ABOUT THIS EXERCISE: After locating the line with "What should it" in the entries below, output it and each following line up to and including the line with "Let's now take", exactly and without pictures.

Saved data entries:
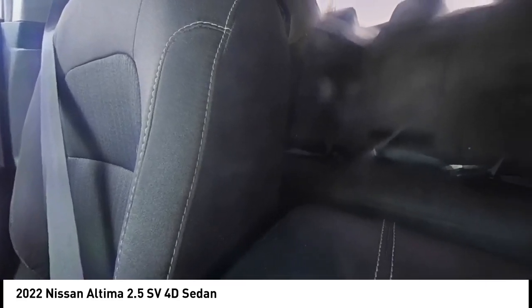If you like it online, you'll love it in your driveway. Take it for a spin today.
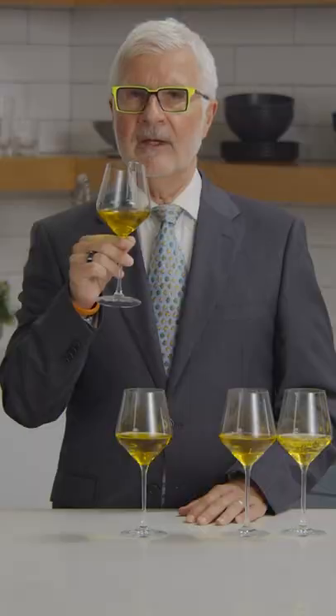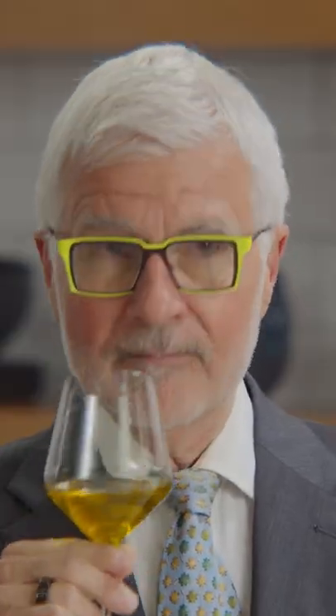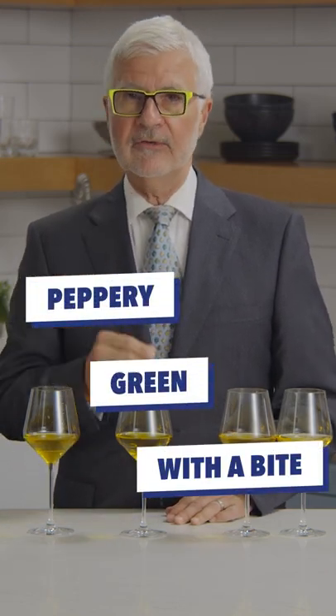What should it smell like? It should have a strong smell. The stronger your oil smells, the better the chance it's going to do a lot for your body. Sniff your olive oil like this. And if you notice smells that are peppery, green, or with a bite, that's a really good sign — it's going to be good for supporting heart health, weight loss, your joints, and your skin.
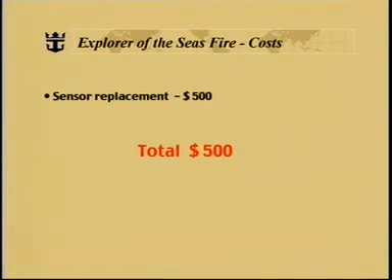Let's now take a look at the costs associated with the Explorer of the Seas fire. Well, there's not a lot to look at. There was a sensor replacement required — $500. And that was the total cost of the entire event.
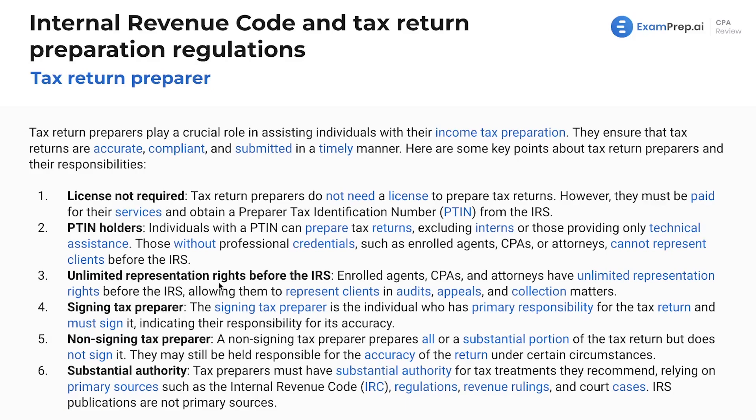Enrolled agents, CPAs, and attorneys have unlimited representation rights before the IRS. Enrolled agents hold a certification — it's a step below the CPA designation if you don't want to go through the whole CPA exam process. Enrolled agents, CPAs, and attorneys have unlimited representation rights before the IRS, allowing them to represent clients in audits, appeal the decision of an audit, and any collection matters — meaning the IRS is trying to collect from you and you're still trying to fight it.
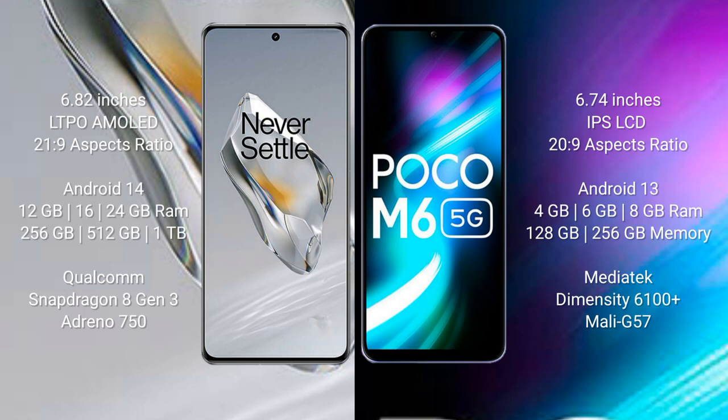OnePlus 12 comes with 12GB, 16GB, or 24GB RAM and 256GB, 512GB, or 1TB internal storage. It features a Qualcomm Snapdragon 8 Gen 3 processor and Adreno 750 GPU.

RESPONSE TO THIS TASK:
What should it smell like? It should have a strong smell. The stronger your oil smells, the better the chance it's going to do a lot for your body. Sniff your olive oil like this. And if you notice smells that are peppery, green, or with a bite, that's a really good sign — it's going to be good for supporting heart health, weight loss, your joints, and your skin.
Let's now take a look at the costs associated with the Explorer of the Seas fire. Well, there's not a lot to look at. There was a sensor replacement required — $500. And that was the total cost of the entire event.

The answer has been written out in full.